Понятно, попытка опубликовать четверостишие в журнале "Работница" провалилась, что очень обидело юного творца. И все-таки коротенькое это стихотворение появилось на свет не зря. Оно живо до сих пор, живо в памяти моих знакомых, и родственников, и моей. Всякий раз в день Восьмого марта кто-нибудь из нас, да и не один, начинает телефонный или при встрече разговор со слов: "Ну, как, порвались цепи вековые?" Смеемся, и только. Праздник?.. Какой праздник?!, Но это к слову.
Литературный дебют юного сочинителя состоялся в день окончания им школы. На выпускном вечере самодеятельный школьный драмкружок показал спектакль по его пьесе с архиреволюционным названием и содержанием "Хвосты старого быта". Рукопись не сохранилась.
Вскоре в жизни подростка произошли тяжкие перемены. Умерла мать. В дом вошла мачеха. И спустя несколько месяцев после этого события пятнадцатилетний Исаак Соболев навсегда покинул отчий дом, направился в столицу, в Москву. Отец сына не отговаривал, не удерживал, дал ему на дорогу и "обзаведение" тридцать рублей и посчитал на том родительские обязанности исчерпанными. Полностью. В плетеной дорожной корзинке молодого путника лежали две пары латаного белья и тетрадочка его первых стихов.

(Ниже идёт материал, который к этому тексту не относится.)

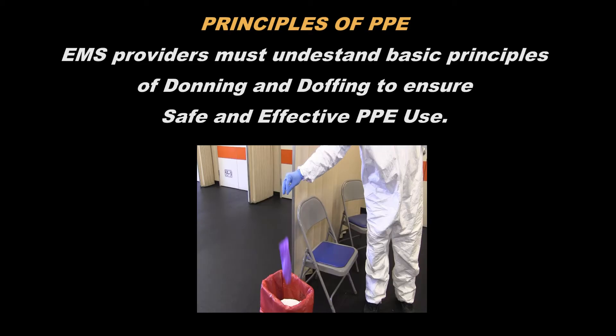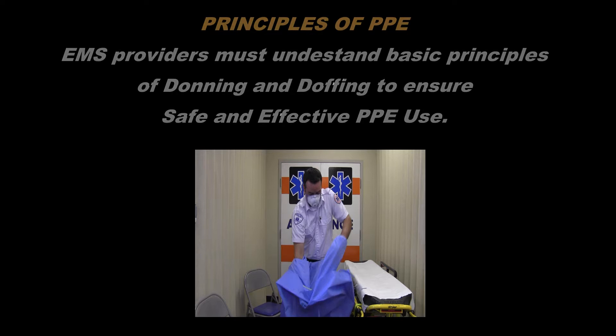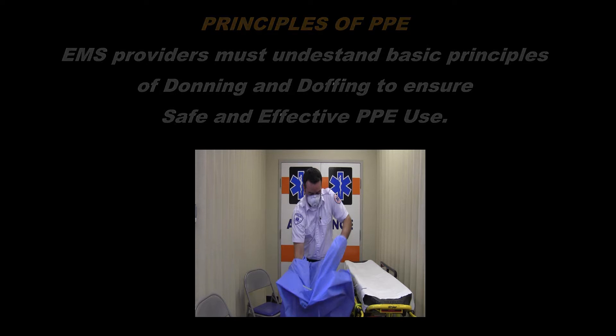After patient contact, it is very important to follow the correct removal or doffing procedures. The doffing of PPE is a high-risk process that requires a structured procedure and a trained observer, who again may be your partner. PPE must be removed slowly and deliberately in the correct sequence to reduce the possibility of self-contamination or other exposure to any infectious diseases.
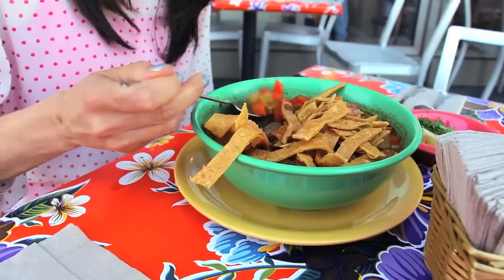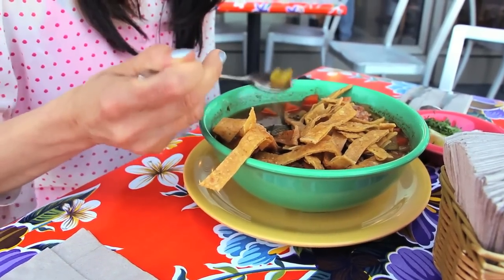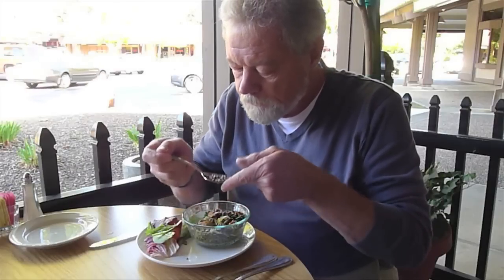Mealtime brings people together. It's more than a time for nourishing the body — we nourish our spirit and our relationships. But tremor, whether from essential tremor or Parkinson's disease, takes away from this experience, forcing people to focus instead on the basic task of eating.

Покидая родительский дом, он записал в нее несколько строк:
День устал, тяжело опустил свои веки.
С горизонта сполз вечер,
неприветливый вечер такой.
С милым детством моим
я, обнявшись, простился навеки И ушел в неизвестность,
томимый тревогой, тоской...
После недолгого пребывания в столице:
О, как солоны, жизнь, твои бурные, темные воды!
Захлебнуться в них может и самый искусный пловец...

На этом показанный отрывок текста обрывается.